Sebaliknya ada orang yang bawaannya tertutup. Segala sesuatu yang keluar dari dirinya harus melewati penyaring yang berlapis. Ia tidak mudah mengungkapkan isi hatinya, apalagi berbagi suka dan duka dengan orang. Ia juga berusaha keras agar orang tidak masuk ke wilayah pribadinya; itu sebabnya, ia berupaya untuk membatasi arus informasi yang keluar dari dirinya. Salah satu kekuatannya adalah ia jarang dan tidak suka menyusahkan orang. Ia menanggung semua sendiri dan tidak mempunyai banyak tuntutan kepada orang lain. Salah satu kelemahannya adalah kadang ia mengalami kesukaran menyatakan keinginan secara langsung.

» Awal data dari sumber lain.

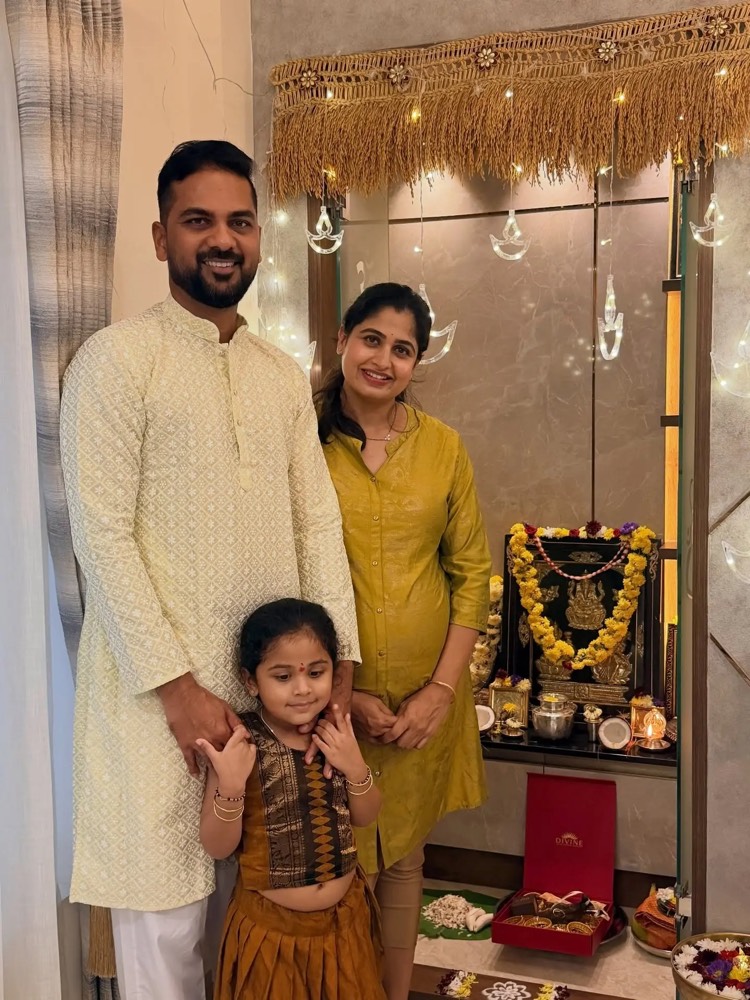 Chaithra Rai in a yellow kurta beside her husband and elder daughter at a decorated home shrine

Karena ia menumpuk kekecewaan, sewaktu akhirnya keluar, ia mudah putus asa dan menyerah.

(e) Praktis-Filosofis. Ada orang yang bawaannya adalah praktis. Cara pikirnya tidak rumit dan ia selalu berusaha menemukan kegunaan dari segala yang dipelajarinya. Jadi, jika sesuatu tidak mempunyai kegunaan yang langsung, ia tidak begitu memperhatikannya. Apa yang menjadi minatnya adalah segala yang tidak bertele-tele. Singkat kata, ia membawa orang kembali berhadapan dengan realitas. Salah satu kekuatannya adalah ia berorientasi pada tindakan konkret. Ia selalu ingin melakukan sesuatu yang nyata dan tidak suka berlama-lama dalam pembicaraan. Salah satu kelemahannya adalah pada akhirnya semua dinilai dari fungsinya. Jika tidak terlihat guna atau fungsinya, dengan mudah ia pun mengesampingkannya. Sebaliknya ada pula orang yang bawaannya filosofis. Orang ini gemar menekuni hal-hal yang dalam dan menikmati berdiskusi dengan orang yang sepertinya. Ia tidak begitu cepat akrab dengan orang sebab ia cenderung hanya tertarik untuk berinteraksi dengan orang yang seperti dirinya. Salah satu kekuatannya adalah ia mempunyai pemikiran yang dalam dan dapat membagi berkat pemahamannya dengan sesama. Salah satu kelemahannya adalah ia cenderung mengisolasi diri dan tidak begitu mempedulikan orang dan kebutuhannya. Tidak bisa tidak, orang di sekitarnya akhirnya sering mengalami kesepian.

Kesimpulan

Satu hal menarik yang dapat kita lihat di sini adalah kebanyakan orang memilih pasangan yang merupakan kebalikannya. Sebagai contoh, orang yang serius cenderung memilih orang yang santai. Orang yang terbuka memilih orang yang tertutup dan orang yang praktis memilih orang yang filosofis. Tidak ada yang salah tentang hal pemilihan ini. Satu hal yang mesti dilakukan adalah menyadari perbedaan di masa berpacaran dan mulai belajar mengungkapkan diri kepada satu sama lain. Setelah itu kita harus berusaha untuk memenuhi pengharapan masing-masing supaya pada akhirnya kita dapat tiba di titik tengah.

Ya, kecocokan kepribadian adalah tugas yang mesti dimulai pada masa berpacaran dan terus dilanjutkan sampai pada masa pernikahan. Sebagaimana dapat kita lihat dalam contoh Isak dan Ribkah, kegagalan menyelaraskan kepribadian memisahkan dua pribadi yang seharusnya menyatu dan membelah keluarga menjadi dua.